Димин еще дальше отодвинул вазочку и встал. И только, когда Сосновский, потеряв вдруг свою неприступность, начал просить его повременить чуток, снова сел.

…Мысленно споря с ним, доказывая свою правоту и право быть человеком — просто человеком! — Сосновский не спал почти всю ночь. Но, как ни убеждал Димина и себя, было очевидно: воспоминания о Вере грузом висят на нем, куда-то тянут — цепкие, навязчивые, мучительные. Оказывается, Вера жила в нем, как и в дочках. А главное — власть ее мешала жить. Становилось ясным: пока Максим Степанович не вырвется из-под этой власти, он будет оставаться в плену у горя и прошлого.

Значит, ему нужно забыть Веру. Положительно забыть… Но при чем здесь работа, он все-таки не понимал Димина.

На следующий день по делу Кашина, апеллировавшего в горком, на завод приехал Ковалевский. Поговорив в партийном комитете с Михалом Шарупичем, Диминой, Алексеевым, он направился в цехи. Побывал в литейном, потом в цехе шасси, в экспериментальном.

Объясняя, как они работают, насупленный и обиженный,— Ковалевский тоже словно игнорировал, что ему тяжело,— Максим Степанович все же замечал: известные факты при секретаре горкома ему самому кажутся более значительными, по-новому раскрывается их смысл. Родилась тревога, а с нею еще большая обида. «Чего доброго — приклеют ярлык, и, как водится, надолго. И что бы потом ни делали, как бы ни работали, ничего не поможет»,— подумал Сосновский и, желая сгладить неважное впечатление, которое, по-видимому, складывалось у Ковалевского, заговорил о том, чем можно было похвалиться:

— С начала года мы внедрили в производство более двадцати технических усовершенствований.
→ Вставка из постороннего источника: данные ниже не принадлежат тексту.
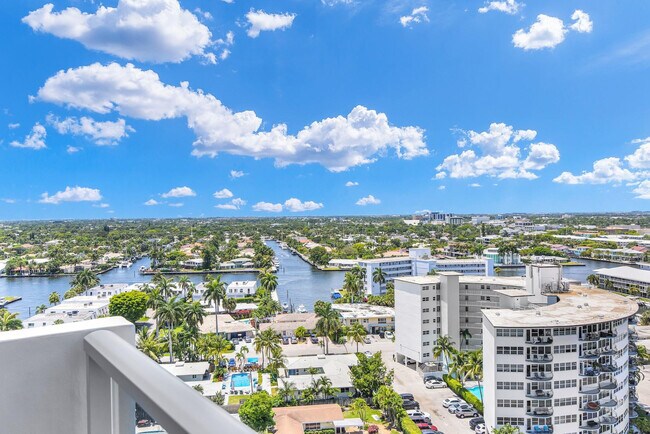 Building Photo - 2701 N Ocean Blvd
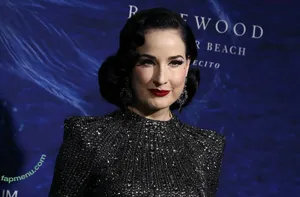 Dita Von Teese / Ditavonteese / creepy___spice nude photo #3255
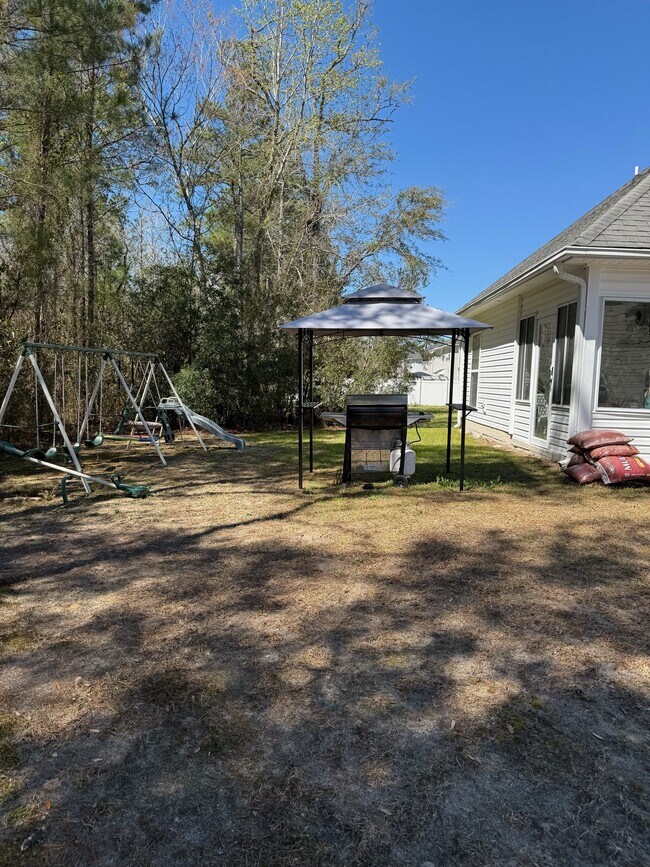 Photo - 656 Mahoney Rd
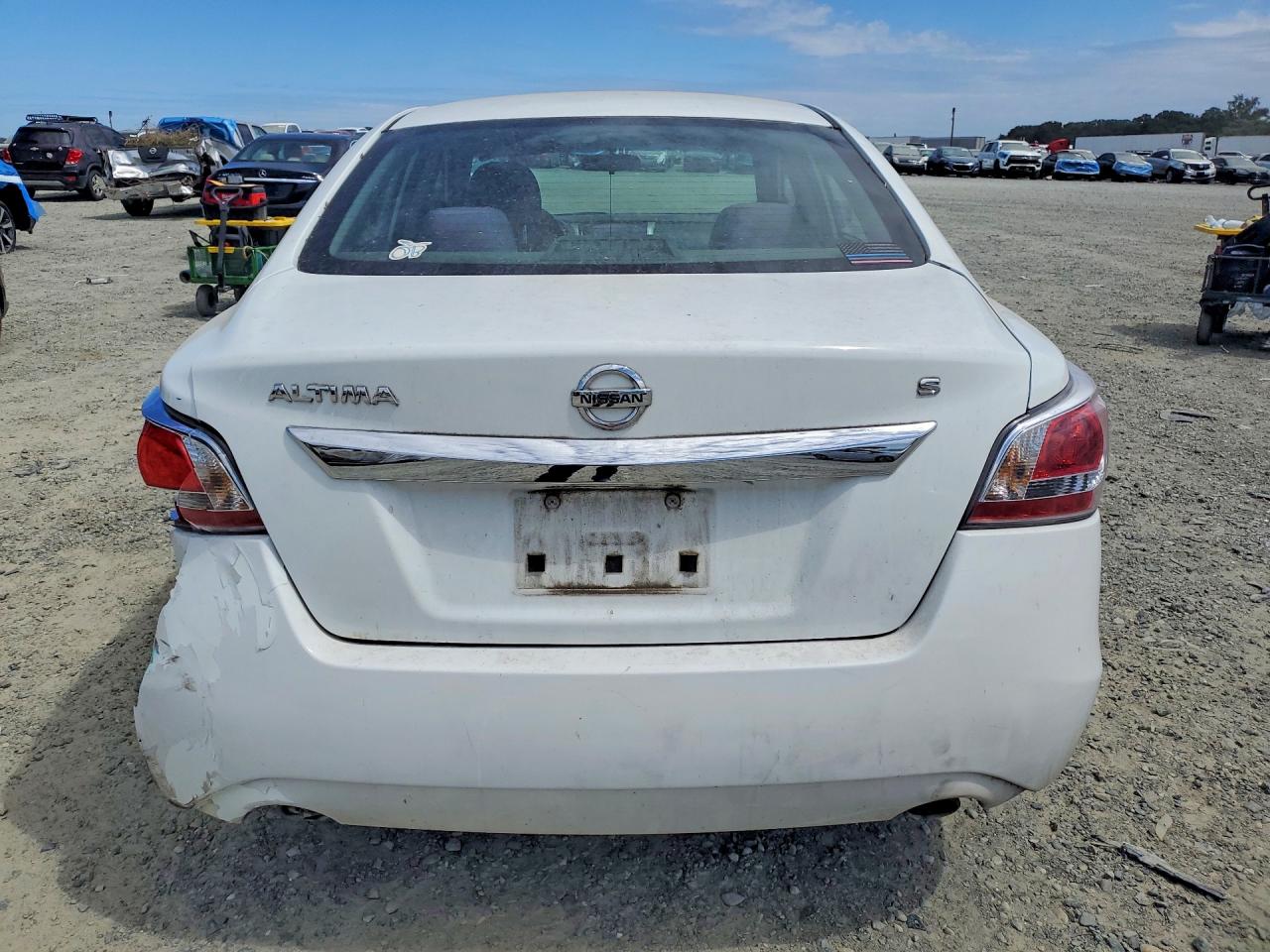 2015 Nissan Altima 2.5 S White vin: 1N4AL3AP9FN398934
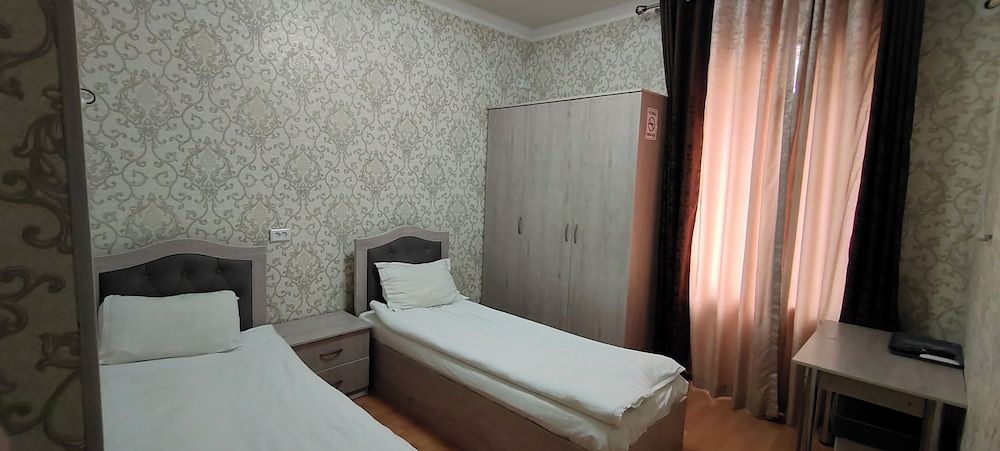 Diyora Hostel Economy Room, Shared Bathroom 5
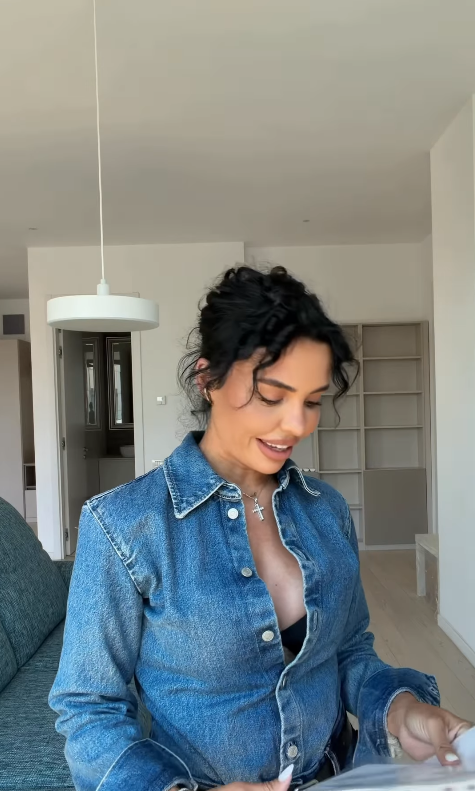 Imagini din penthouse-ul achiziționat de Andreea Popescu, după divorțul de Rareș Cojoc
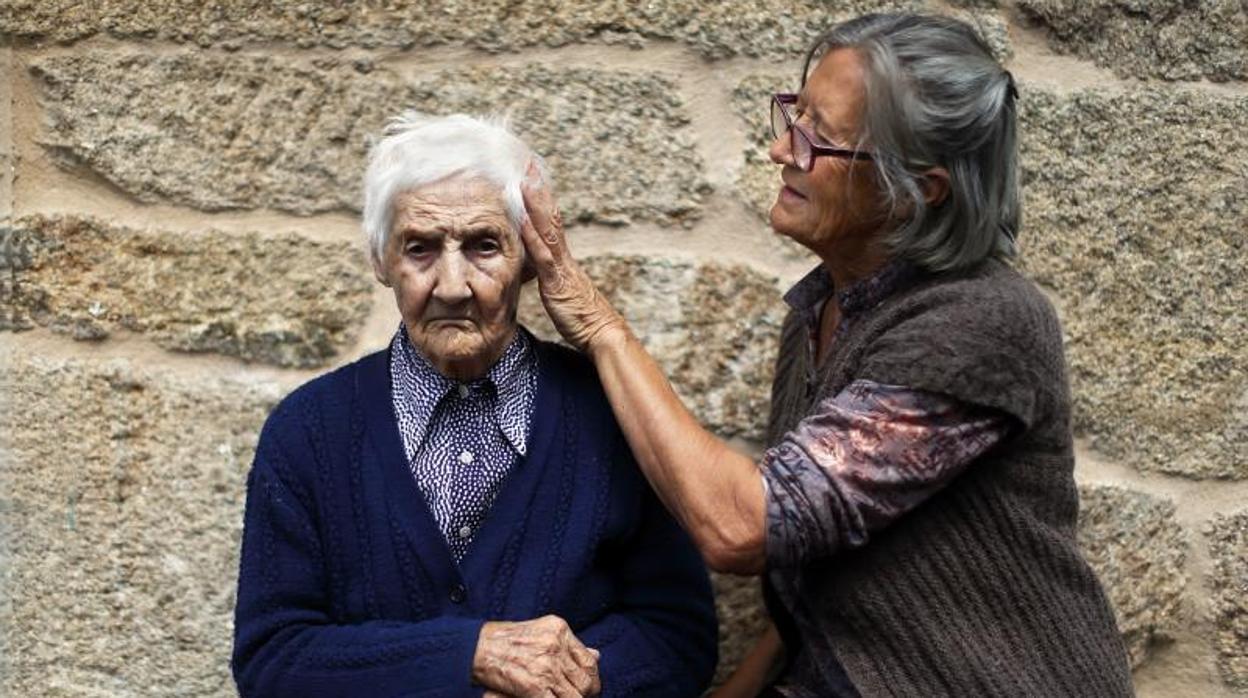 Josefa (izquierda) es, a sus 100 años, la vecina más longeva de Chandrexa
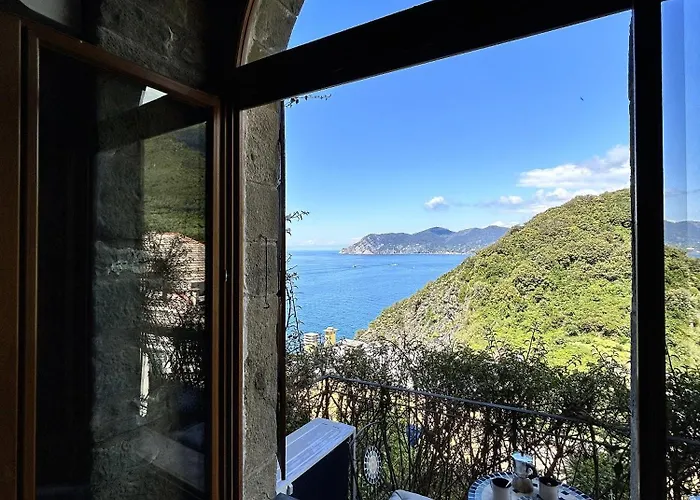 Pietra Azzurra, Newly Renovated 코르니글리오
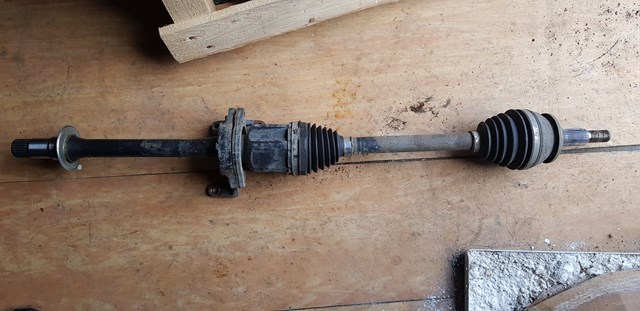 Привід передній правий 4341042300 TOYOTA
— Чьих? — не поднимая опущенной головы, но внимательно, сбоку посмотрел на него Ковалевский.

— Москвичей, ярославлян. На днях наши литейщики едут в Горький…

— Это неплохо,— помешал ему дальше рассказывать Ковалевский: дело Кашина, безусловно, насторожило его.— Но создается впечатление, что чужой опыт у вас — вроде щита. Не страхуетесь ли вы им?

— Мы наметили организовать институт передовых методов труда.

— И это чудесно. Но не забываете ли вы, для чего всё это делается, Максим Степанович?

— Вы имеете в виду план? — спросил Сосновский и враз раскаялся.

— Нет. Я имел в виду автомобили. Помните выставку в Москве? Табличка на МАЗах: «Устарелая модель 1947 года». Причем порядочно устаревшая. Точно?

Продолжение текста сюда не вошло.